INPUT MATERIAL ->
------

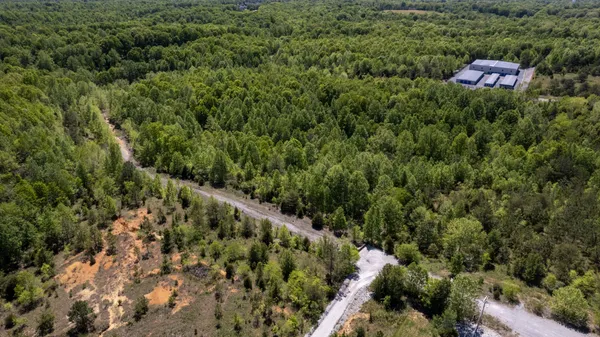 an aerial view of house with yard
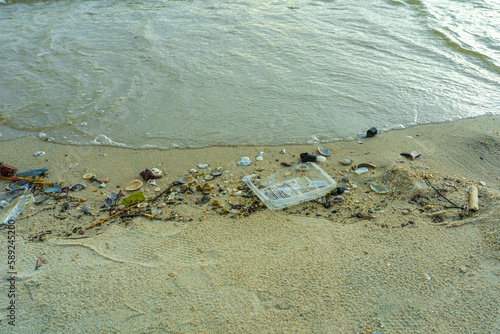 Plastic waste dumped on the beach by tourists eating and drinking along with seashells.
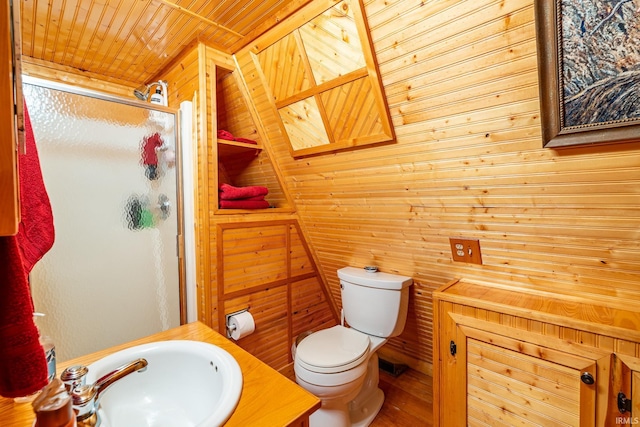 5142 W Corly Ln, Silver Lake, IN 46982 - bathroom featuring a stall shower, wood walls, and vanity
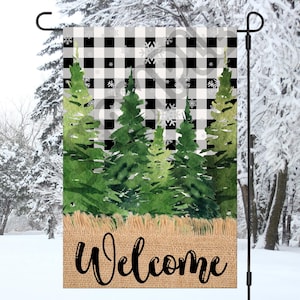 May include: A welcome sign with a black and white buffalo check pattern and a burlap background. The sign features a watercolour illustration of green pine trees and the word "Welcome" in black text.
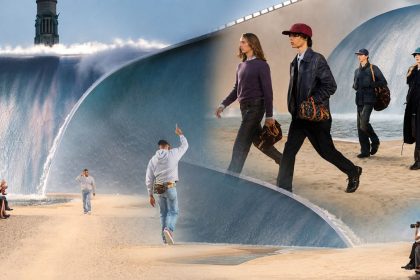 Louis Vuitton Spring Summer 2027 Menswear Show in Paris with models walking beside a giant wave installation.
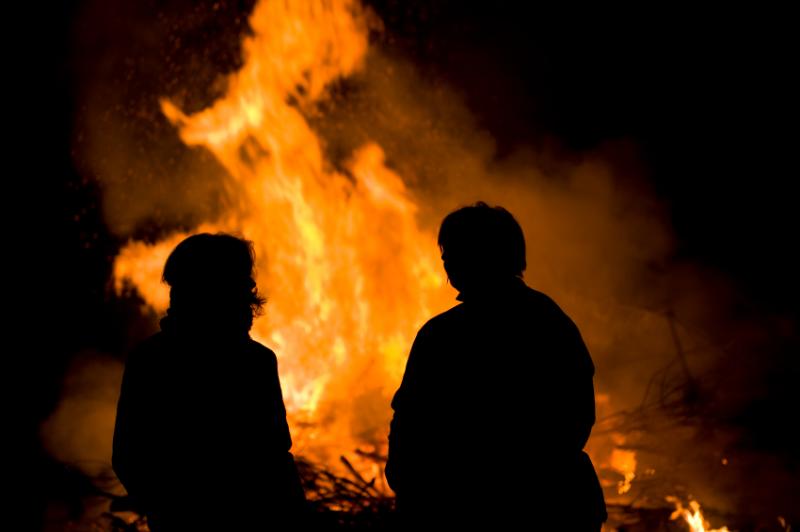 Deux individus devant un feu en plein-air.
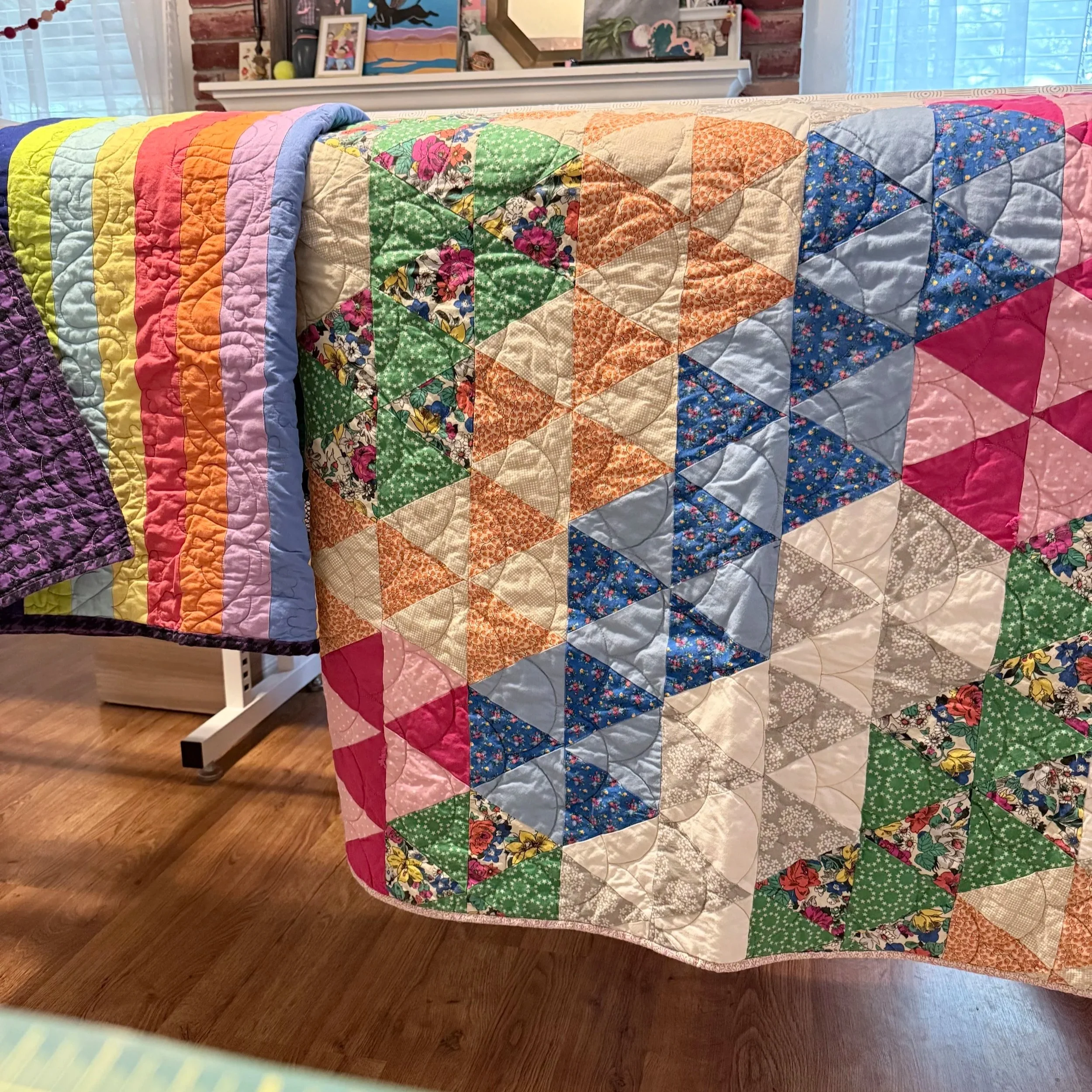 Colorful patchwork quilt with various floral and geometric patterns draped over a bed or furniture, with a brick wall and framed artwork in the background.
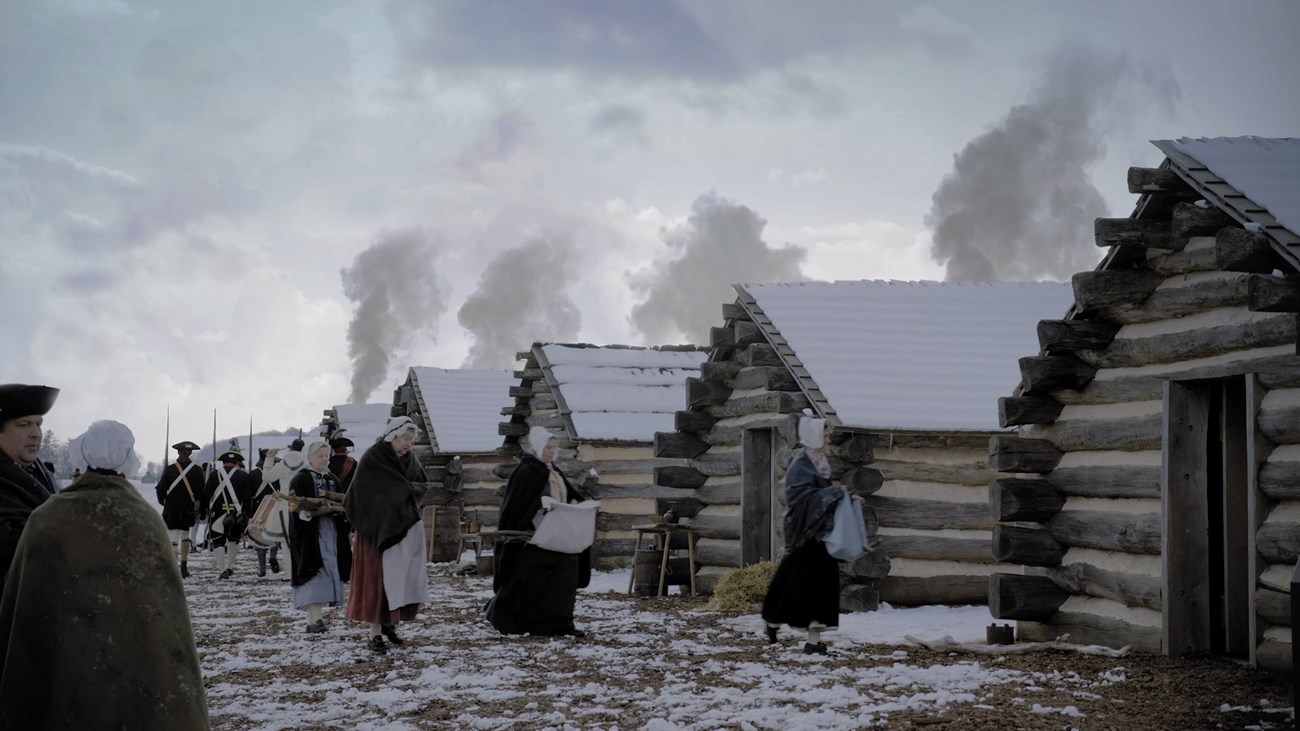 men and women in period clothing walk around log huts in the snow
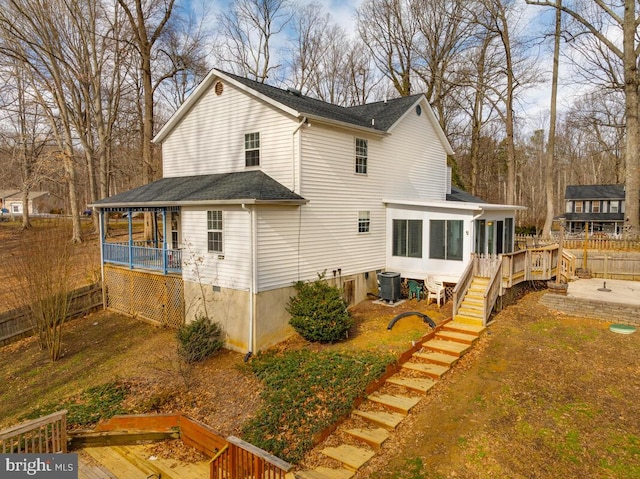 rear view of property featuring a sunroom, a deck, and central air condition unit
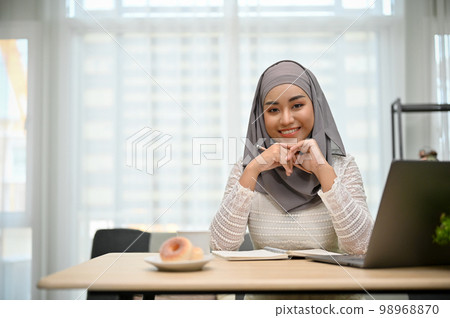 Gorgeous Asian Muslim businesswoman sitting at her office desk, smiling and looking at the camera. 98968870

------

DESCRIPTION OF THE TASK -> Copy exactly the lines that begin at the one containing "Colorful patchwork quilt" and end at the last line of the records, both included, omitting the pictures.

RESULT OF THE EXERCISE ->
 Colorful patchwork quilt with various floral and geometric patterns draped over a bed or furniture, with a brick wall and framed artwork in the background.
 men and women in period clothing walk around log huts in the snow
 rear view of property featuring a sunroom, a deck, and central air condition unit
 Gorgeous Asian Muslim businesswoman sitting at her office desk, smiling and looking at the camera. 98968870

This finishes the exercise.